Set down the line containing "Artificial Vine Rattan" and each line after it through the last line of the records, exactly, leaving pictures out.

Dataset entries
□ □ □ □ □
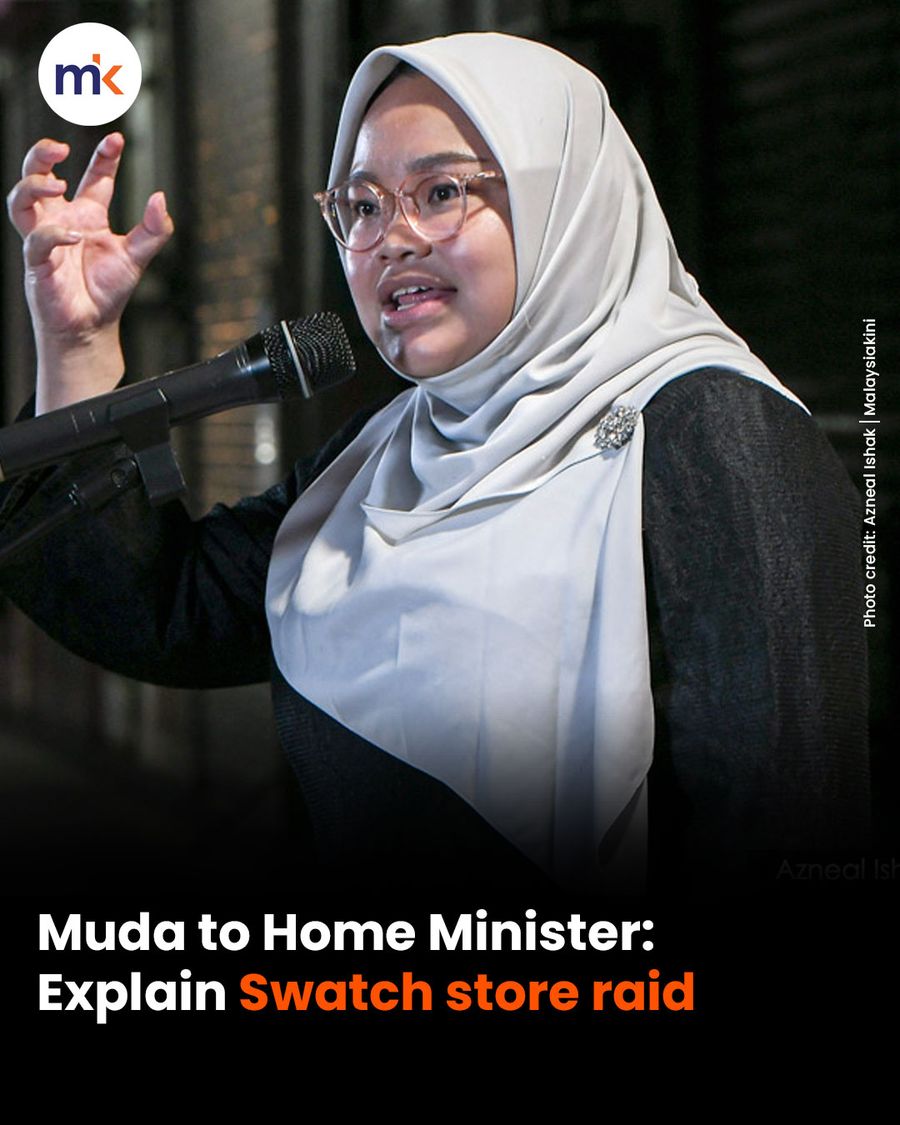 Muda to Home Minister: Explain Swatch store raid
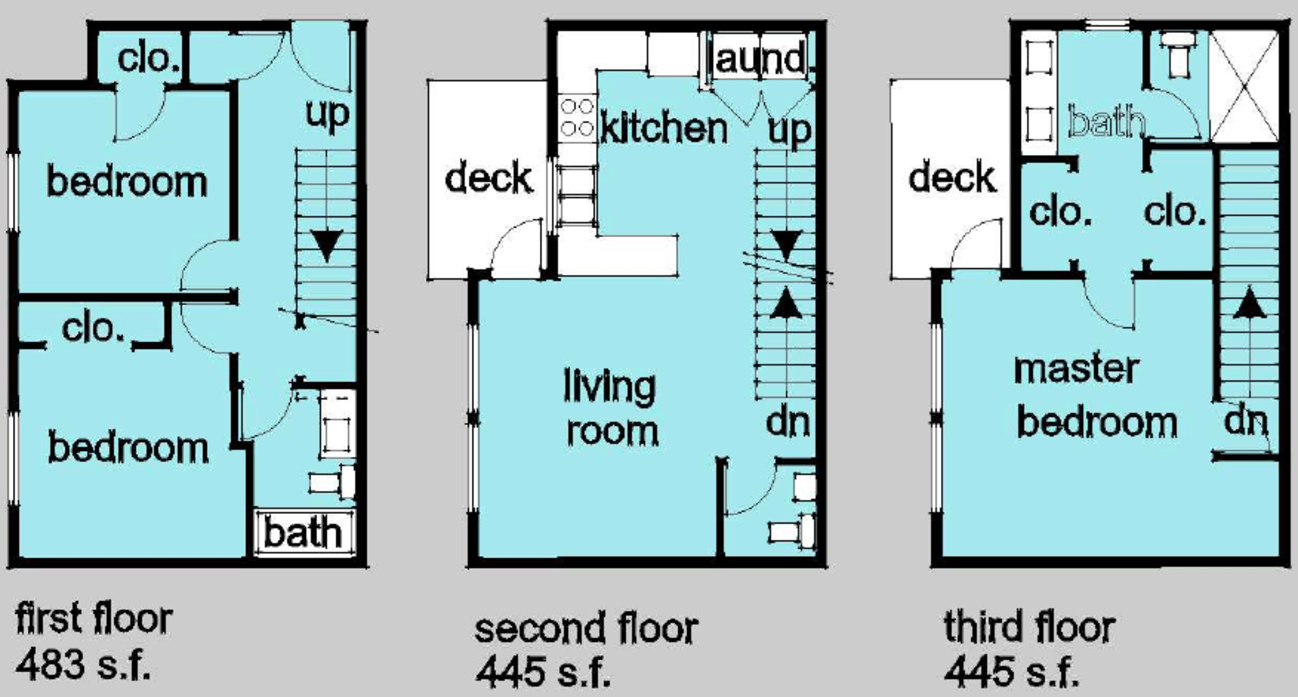 3 bedroom floorplan image 3 bedroom floorplan image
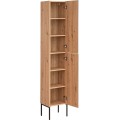 Koupelnová skříňka vysoká Madera 800 dub artisan/bílá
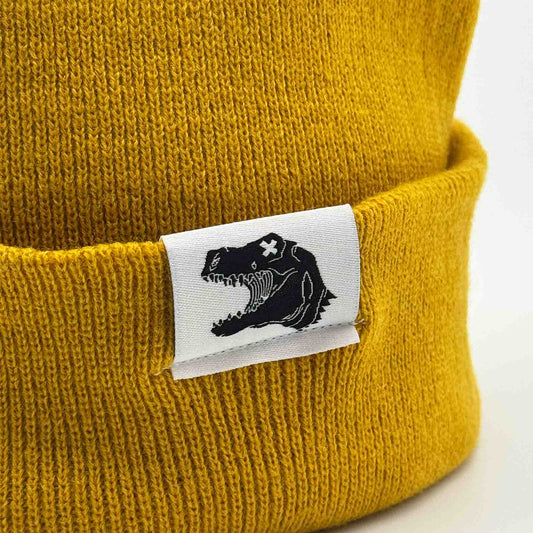 Beanie - Treptosaurus - senfgelb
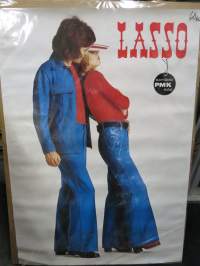 Lasso - Suomalaista PMK laatua - farkkumainosjuliste 1970-luvun alusta -poster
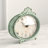 Decorative Antiqued Pewter Mantel Clock-1670383804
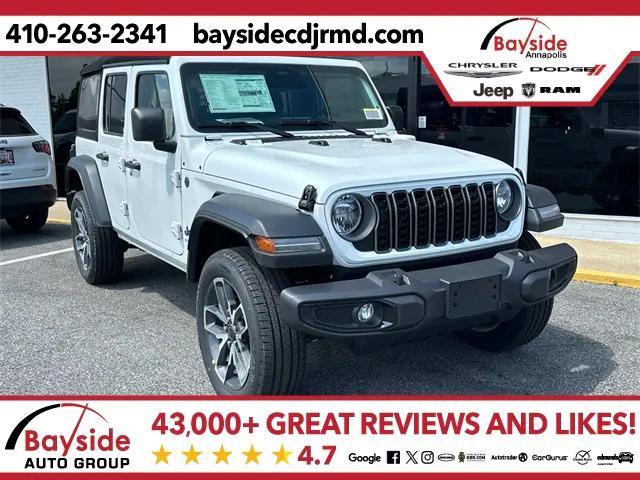 2025 Jeep Wrangler 4xe WRANGLER 4-DOOR SPORT S 4xe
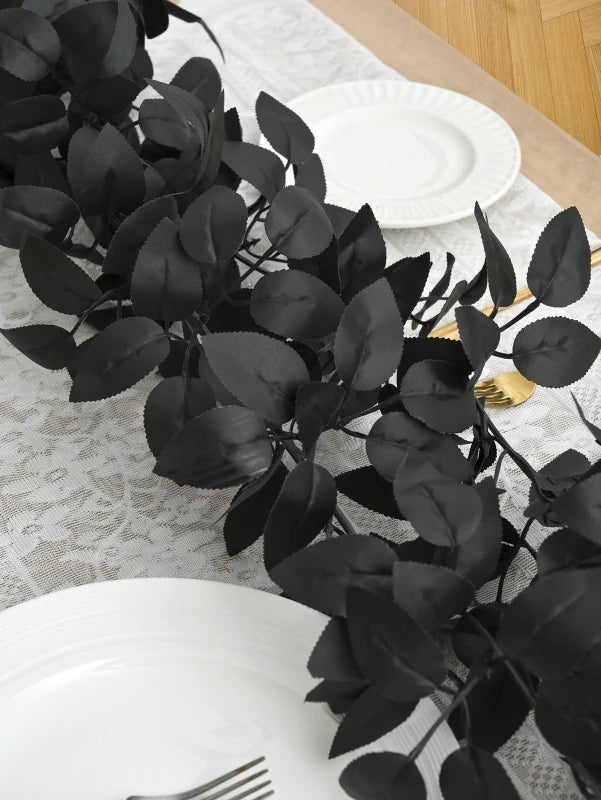 Artificial Vine Rattan Leaves | Wedding, Halloween & Home Decor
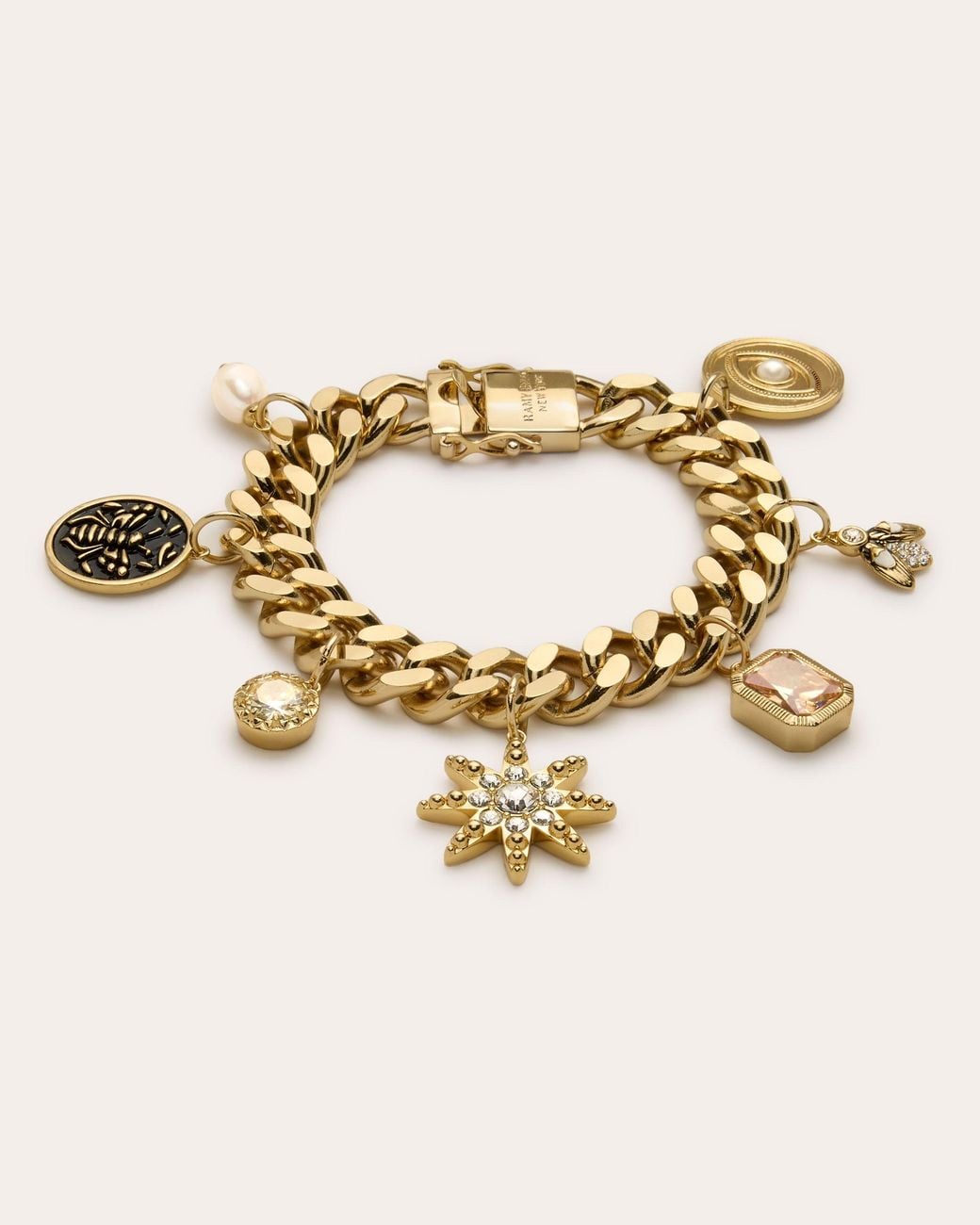 Ramy Brook Metallic Emmi Charm Bracelet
□ □ □ □ □
**Written response**:
 Artificial Vine Rattan Leaves | Wedding, Halloween & Home Decor
 Ramy Brook Metallic Emmi Charm Bracelet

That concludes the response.